• Aim of the task:
Copy out the entries below exactly as they stand, but only from the line containing "To continue merging" through the line containing "Most of the".

• Source information:
-- Opening Marker --

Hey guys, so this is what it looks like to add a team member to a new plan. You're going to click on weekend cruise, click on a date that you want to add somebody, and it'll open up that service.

-- Closing Marker --
-- Opening Marker --

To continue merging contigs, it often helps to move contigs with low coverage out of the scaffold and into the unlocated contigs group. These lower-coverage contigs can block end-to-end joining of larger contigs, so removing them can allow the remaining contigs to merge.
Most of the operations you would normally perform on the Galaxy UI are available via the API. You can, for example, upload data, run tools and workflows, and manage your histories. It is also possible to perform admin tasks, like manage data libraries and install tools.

-- Closing Marker --
-- Opening Marker --

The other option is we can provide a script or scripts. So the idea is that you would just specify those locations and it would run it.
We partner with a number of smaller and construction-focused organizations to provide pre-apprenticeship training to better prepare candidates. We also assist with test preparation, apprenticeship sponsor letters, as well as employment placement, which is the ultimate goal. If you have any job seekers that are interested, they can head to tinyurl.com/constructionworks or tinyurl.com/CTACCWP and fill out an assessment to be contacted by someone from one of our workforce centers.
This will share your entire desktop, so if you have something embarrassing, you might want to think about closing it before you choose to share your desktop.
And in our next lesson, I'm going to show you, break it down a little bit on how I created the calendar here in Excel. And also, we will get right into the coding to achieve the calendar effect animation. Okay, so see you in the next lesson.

-- Closing Marker --

• Your solution:
To continue merging contigs, it often helps to move contigs with low coverage out of the scaffold and into the unlocated contigs group. These lower-coverage contigs can block end-to-end joining of larger contigs, so removing them can allow the remaining contigs to merge.
Most of the operations you would normally perform on the Galaxy UI are available via the API. You can, for example, upload data, run tools and workflows, and manage your histories. It is also possible to perform admin tasks, like manage data libraries and install tools.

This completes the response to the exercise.